One of the bills, a concurrent resolution to roll back the changes, passed 46-29 with one abstention. A second to codify “justifiable need” in legislation instead of state regulations alone passed 47-28.
Assembly Minority Leader Jon Bramnick (R-21) spoke against the bills on the floor, saying that they would leave residents with reason to fear for their safety vulnerable if they do not have documentation of specific threats.
“That type of language is common sense,” Bramnick said. “When there’s an ‘urgent necessity,’ it’s probably too late by the time you got it to the court. An example would be a woman who understands that the former husband or batterer is a threat to her, but she can’t be specific in terms of a note or a recording, we are simply allowing someone to say to a judge ‘There is a serious threat.'”

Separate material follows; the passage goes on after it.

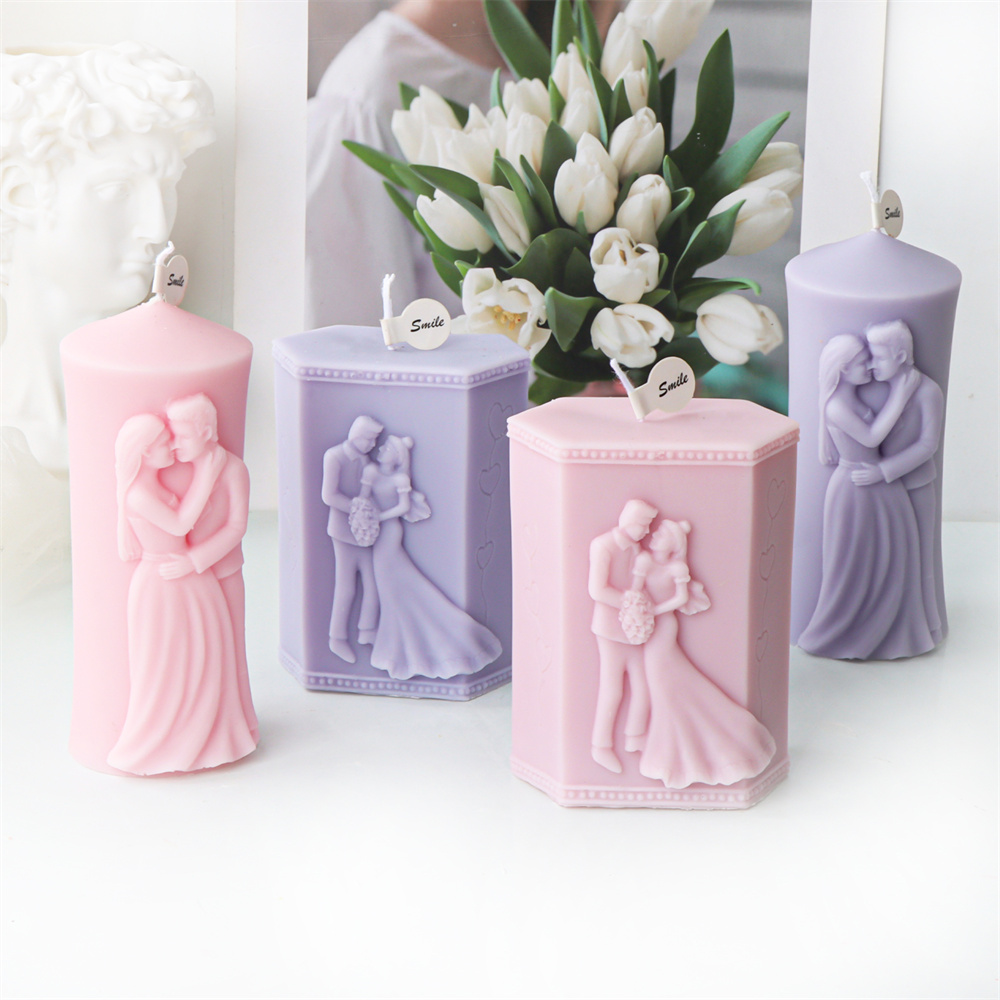 Man and Woman Pillar Silicone  - Candle Making Kit 评论和价格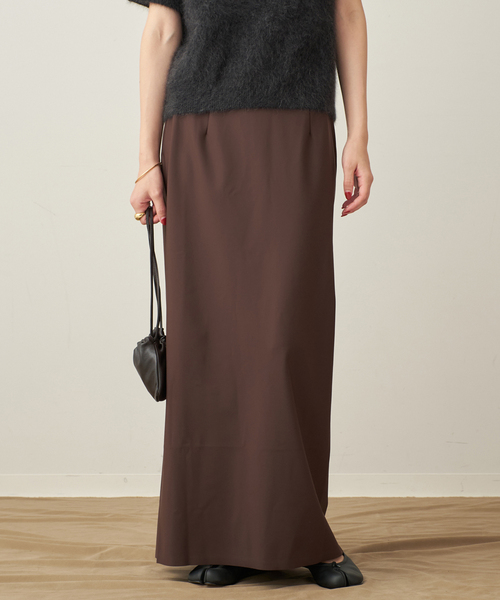 plage（プラージュ）の「《追加》R’IAM ダイバータイトスカート（スカート・レディース・ブラック/ブラウン・34/36/38/40）」の7枚目の写真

“We are talking about giving the judge some latitude here.”
In April, the state Attorney General announced the regulatory changes, which expanded “justifiable need” to include threats that ”are not directed specifically at an individual but which establish more than mere generalized fears or concerns.”
Critics like Senator Loretta Weinberg (D-37), who sponsored the Senate version of today’s bill to declare the changes counter to the original intentions of the statute and roll them back, has argued that the standard of “generalized fears or concerns” would lead to an influx of guns in already high-crime areas.
Assembly Majority Leader Lou Greenwald (D-6), sponsor of both bills, made a similar argument in his statement after the vote.
“Given the correlation between gun ownership rates and firearm homicide rates, allowing more people to carry handguns is not a smart approach to increasing public safety,” Greenwald wrote. “Our state’s focus needs to be on finding responsible, commonsense ways to reduce gun violence and make communities safer, not making it easier for weapons to proliferate New Jersey neighborhoods.”
Freshmen Assembly members Joanne Downey and Eric Houghtaling (both D-11) also served as primary sponsors.
Residents rarely succeed in securing a permit, with most going to former police officers and armed security guards. The bill now goes to Governor Chris Christie, who requested the changes after the murder of a Berlin Township woman last year.